I have a Gateway W322 laptop and it won't charge. The problem started a few weeks ago; when I would plug in the power cable it wouldn't charge unless I wiggled the cable around. Soon that stopped working and I found I had to put a little bit of pressure on the power cable to make it charge. This soon became the only way it would charge and consequently I started charging my laptop on its side (so the powercable would stay pushed in)

This no longer works. What I assume happened is the connection on the laptop got jiggled around and now I have only made it worse by pushing on it a lot. 

Any ideas. Is the solution too open it up and jiggle around that piece? Or is it something else that I'm totally missing?


----------



## Houndog777 (May 17, 2007)

Hi, you could try a new charger.............or is the actual power socket on the laptop loose?


----------



## hwm54112 (Oct 10, 2005)

The problem is the solder connection between the jack and the mobo is broken. The fix is to open it up and resolder the jack to the mobo. Just moving it around won't solve it. The jacks are cheap so I suggest buying a new one and replacing it. 

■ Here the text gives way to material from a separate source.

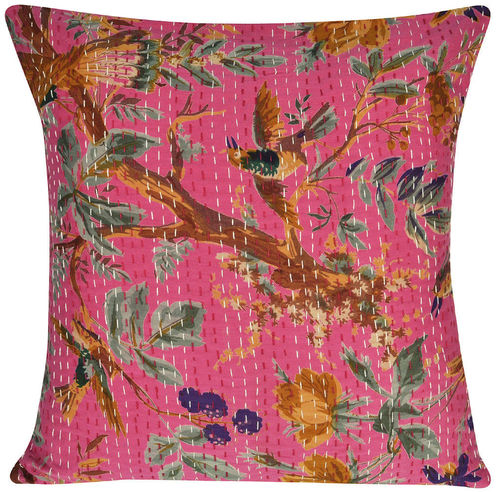 Kantha Cushion Covers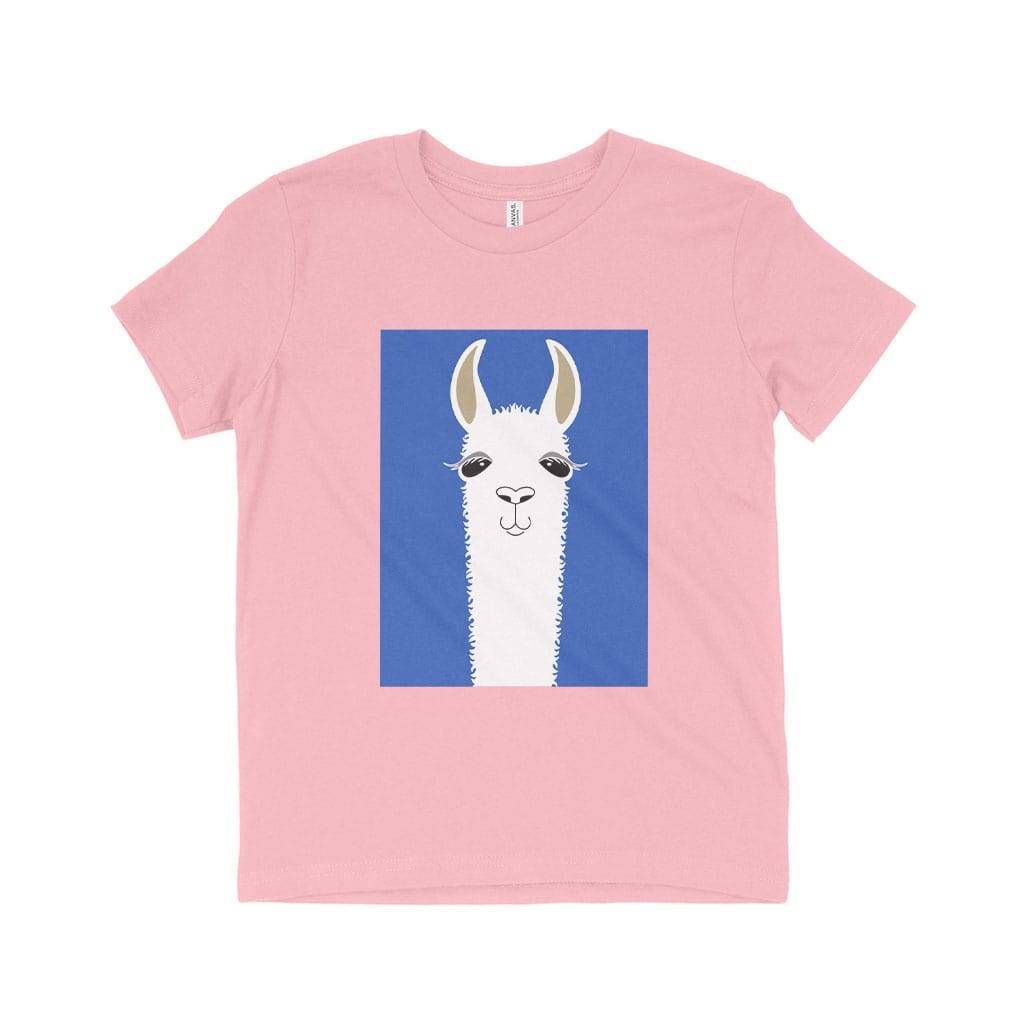Llama Portrait Kids’ Jersey T-Shirt Kids & Baby Kids’ Clothing Llama Portrait Kids' Jersey T-Shirt Kids & Baby Kids' Clothing Color : White|Natural|Columbia Blue|Pink|Mustard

On some laps, a power board is used. The jack is soldered to a samll board that is screwed to the mobo. In that case it may be simpler to replace the powerboard if the expense isn't to high. Some powerboards include other jacks as well


----------



## mrfredman (Jun 14, 2007)

So I never managed to fix the problem, and I just got back from vacation and I'm continuing to work on it. I took it into a computer parts store to see if I needed a new part, they took it apart with me, and i took it home to reassemble (their conclusion was that I probably just needed a new power chord, or to perhaps file down the plastic on the end of the one I already had)

As I'm putting the computer back together though, it won't turn on. When I plug in the charger and shove it in the same way I've gotten it to work in the past, the light that says the battery is charging comes on but I can't turn the laptop on.

Is there a manual way to turn on the power on a gateway laptop (without using the power button) Or am I doing something wrong putting it back together. Here are some pictures of how I have it connected, but everything looks correct to me. (Sorry about the quality my camera sucks)


----------



## jwhidden8 (Apr 14, 2009)

Bump...

I have the exact problem with my gateway laptop. The manner in which it stopped working is the same as well, in that it stopped charging unless I'd rattle the cord or place it on it's side. Now it's not charging at all.

Did you ever find a solution to the problem?


----------



## TriggerFinger (Jan 30, 2008)

Thread is CLOSED for lack of updates and responses. Those who share the same problem, you are encouraged to open a separate thread.


----------